*TASK*
Omit the images and retype the records verbatim.

*GIVEN RECORDS*

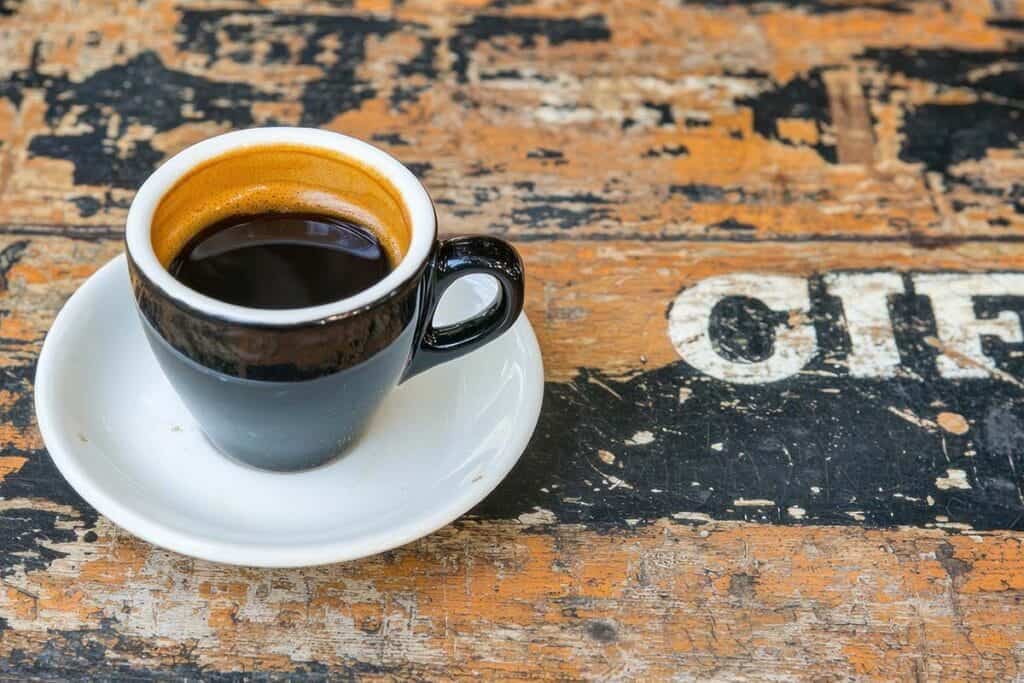 Espresso on Rustic Wooden Table Enjoy a Moment of Calm with Rich Coffee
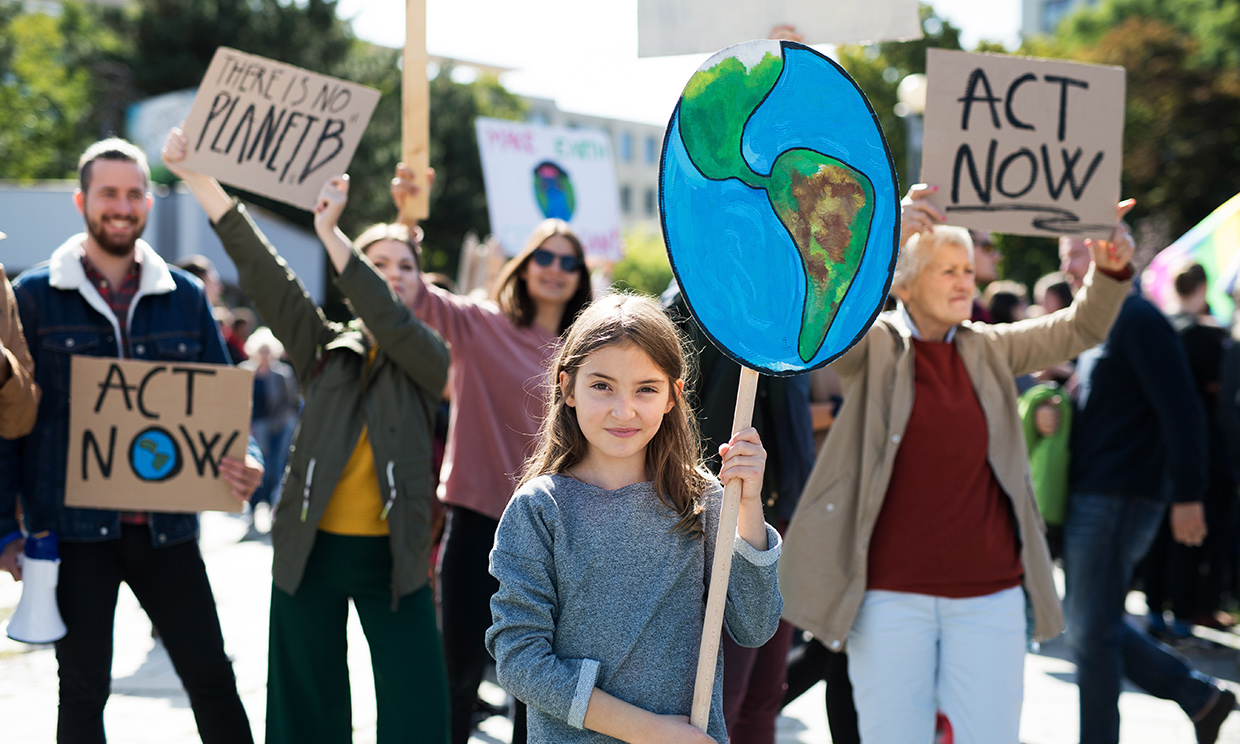 People with placards and posters on global strike for climate change.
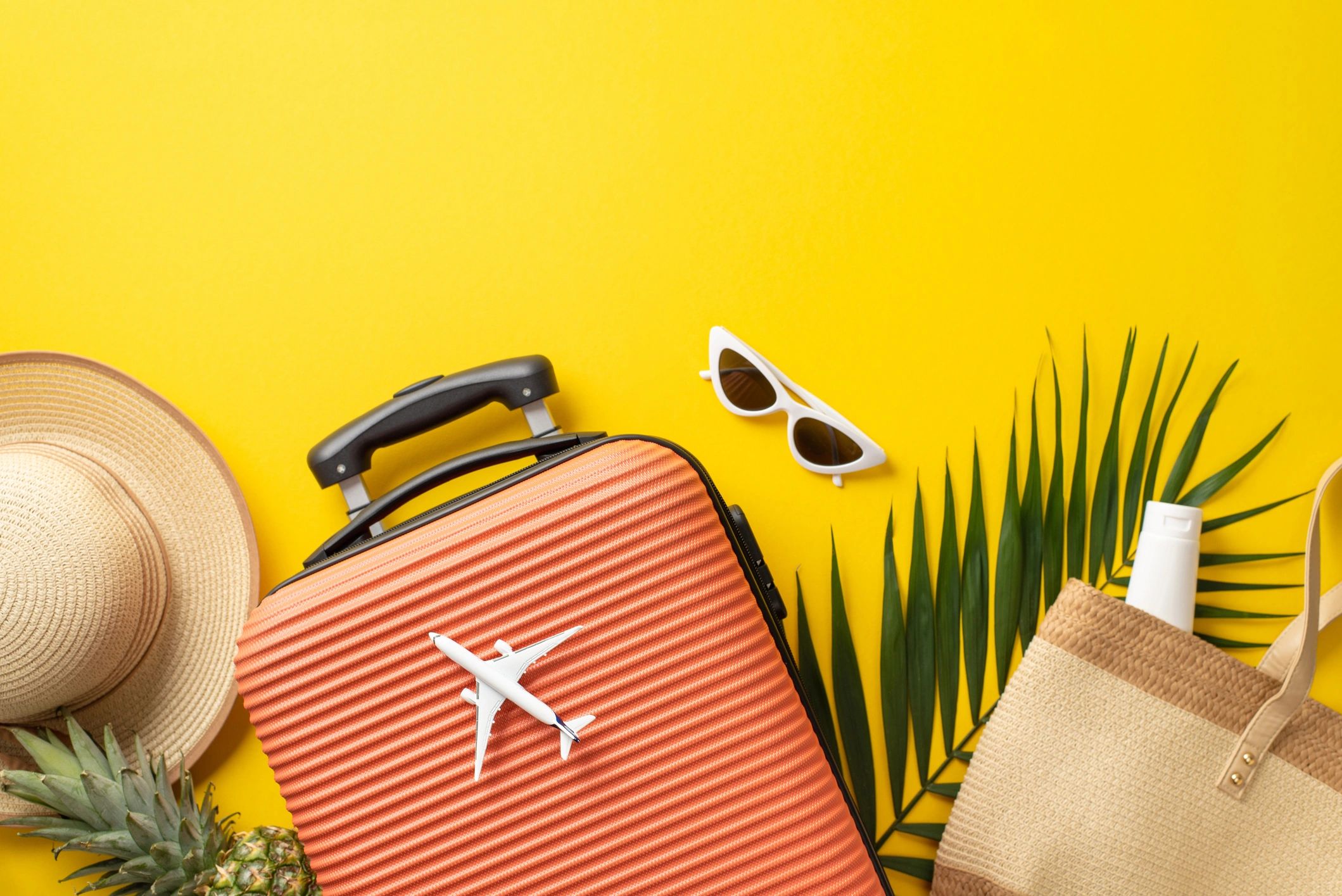 Orange suitcase with travel accessories arranged in a flat lay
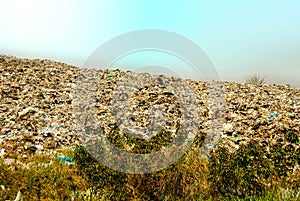 arge garbage mountains The output of consumerism in underdeveloped countries.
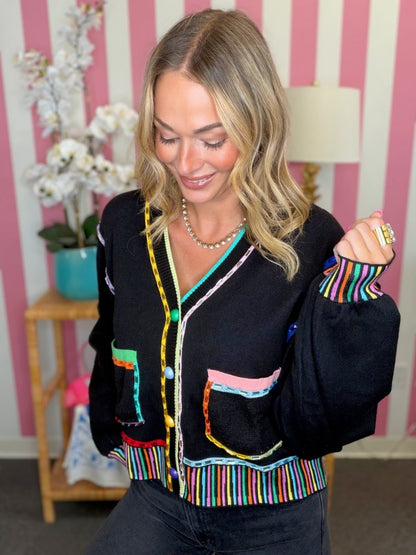 A woman wearing a black knit cardigan with vibrant multicolor striped trim and colorful embroidered pockets, posed in front of a pink and white striped wall.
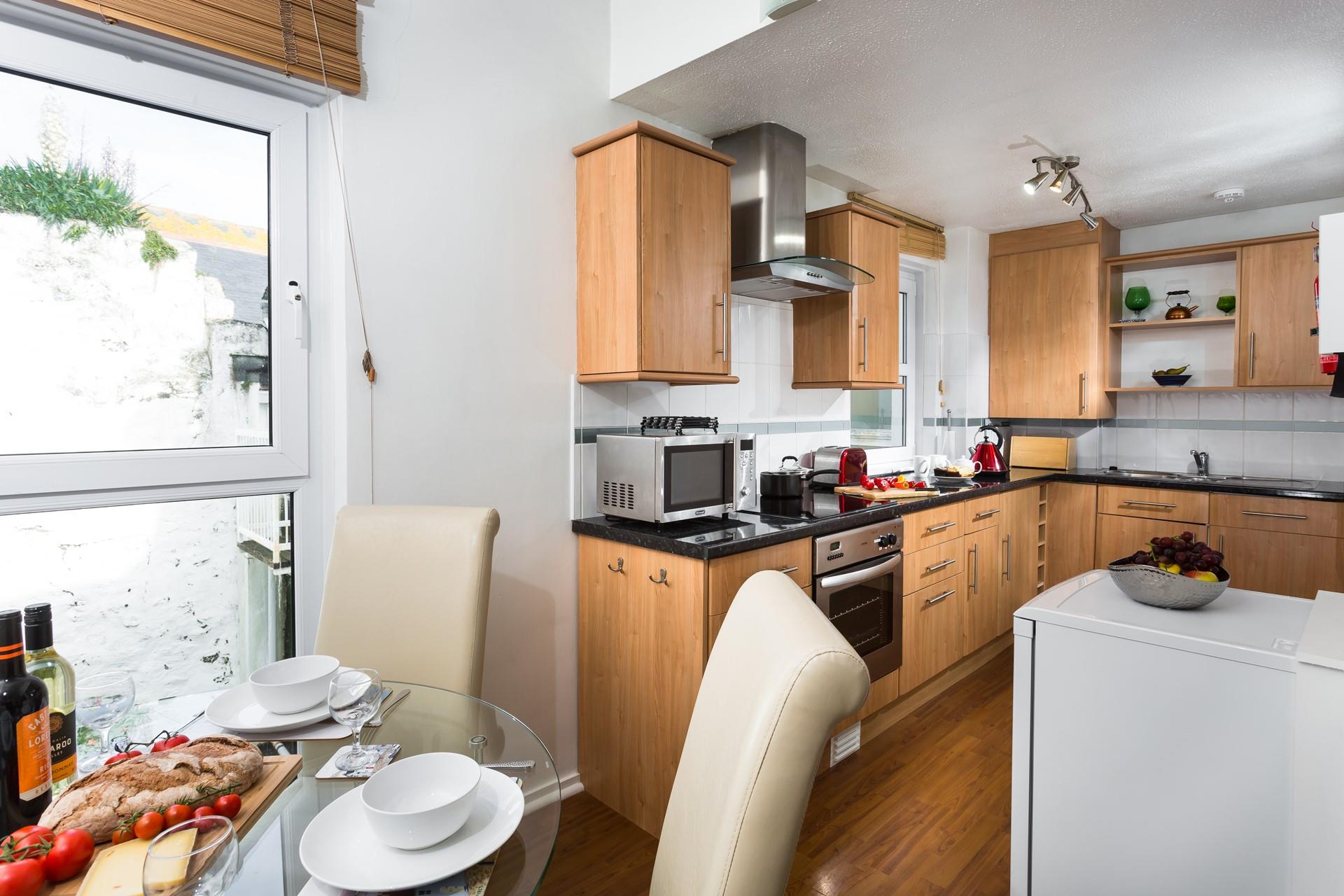 The kitchen/dining area is well-equipped for you to cook delicious meals.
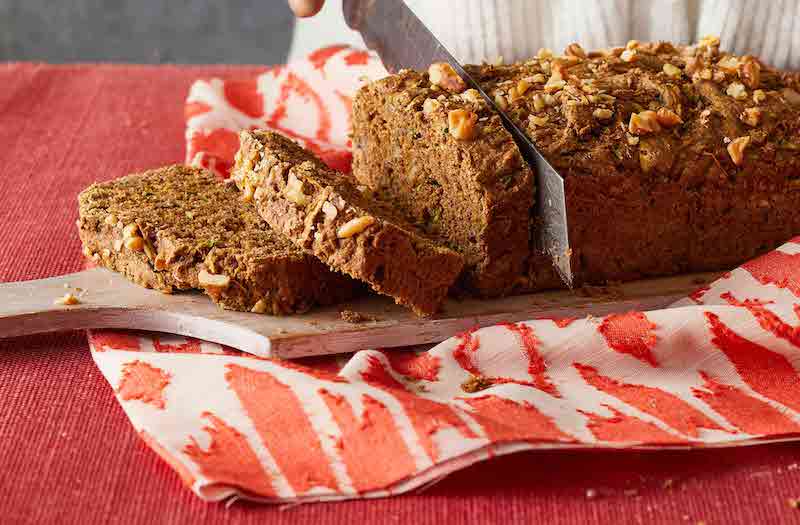 Zucchini Bread being sliced on a cutting board on top of a red cloth on a red table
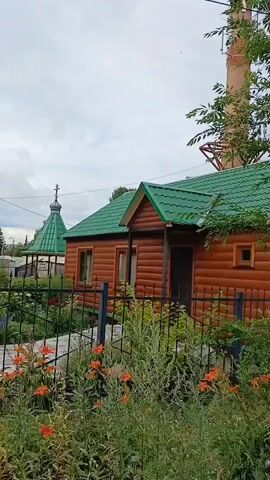 This media file captures an outdoor view of a small, wooden church complex in Volsk, Russia. The primary subjects are the wooden buildings, which appear to be religious structures, possibly a main church and smaller chapels or ancillary buildings. These structures are characterized by their warm, brown wooden exteriors and vibrant green roofs. One building features a distinct golden dome topped with a cross, a common architectural element in Orthodox churches.

The scene is set within a well-maintained courtyard, enclosed by a black metal fence. Beyond the fence, lush greenery and flowering plants, including bright orange lilies, add color and life to the foreground. A paved walkway or courtyard area is visible within the fenced enclosure. Tall, mature trees with dense green foliage flank the buildings, suggesting a natural or park-like setting. In the background, glimpses of other buildings and utility poles indicate a semi-urban or rural residential area.

The weather appears to be overcast, with a cloudy sky dominating the upper portion of the frame. The lighting suggests it is daytime, likely late morning or afternoon, given the brightness despite the clouds. No people are visible in the media file, and the primary activity appears to be the static depiction of the church complex and its surroundings. The overall impression is one of tranquility and perhaps a sense of community or spiritual importance associated with the location. The wooden construction and the presence of a church with a golden dome are strong indicators of Russian Orthodox architecture and religious practice.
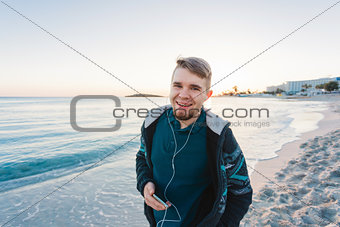 handsome portrait man listening to music smartphone, happy face, beard, beach, sea, travel, internet, Outdoor portrait, hipster style, holding phone in hand. beard man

*SOLUTION TO THIS TASK*
 Espresso on Rustic Wooden Table Enjoy a Moment of Calm with Rich Coffee
 People with placards and posters on global strike for climate change.
 Orange suitcase with travel accessories arranged in a flat lay
 arge garbage mountains The output of consumerism in underdeveloped countries.
 A woman wearing a black knit cardigan with vibrant multicolor striped trim and colorful embroidered pockets, posed in front of a pink and white striped wall.
 The kitchen/dining area is well-equipped for you to cook delicious meals.
 Zucchini Bread being sliced on a cutting board on top of a red cloth on a red table
 This media file captures an outdoor view of a small, wooden church complex in Volsk, Russia. The primary subjects are the wooden buildings, which appear to be religious structures, possibly a main church and smaller chapels or ancillary buildings. These structures are characterized by their warm, brown wooden exteriors and vibrant green roofs. One building features a distinct golden dome topped with a cross, a common architectural element in Orthodox churches.

The scene is set within a well-maintained courtyard, enclosed by a black metal fence. Beyond the fence, lush greenery and flowering plants, including bright orange lilies, add color and life to the foreground. A paved walkway or courtyard area is visible within the fenced enclosure. Tall, mature trees with dense green foliage flank the buildings, suggesting a natural or park-like setting. In the background, glimpses of other buildings and utility poles indicate a semi-urban or rural residential area.

The weather appears to be overcast, with a cloudy sky dominating the upper portion of the frame. The lighting suggests it is daytime, likely late morning or afternoon, given the brightness despite the clouds. No people are visible in the media file, and the primary activity appears to be the static depiction of the church complex and its surroundings. The overall impression is one of tranquility and perhaps a sense of community or spiritual importance associated with the location. The wooden construction and the presence of a church with a golden dome are strong indicators of Russian Orthodox architecture and religious practice.
 handsome portrait man listening to music smartphone, happy face, beard, beach, sea, travel, internet, Outdoor portrait, hipster style, holding phone in hand. beard man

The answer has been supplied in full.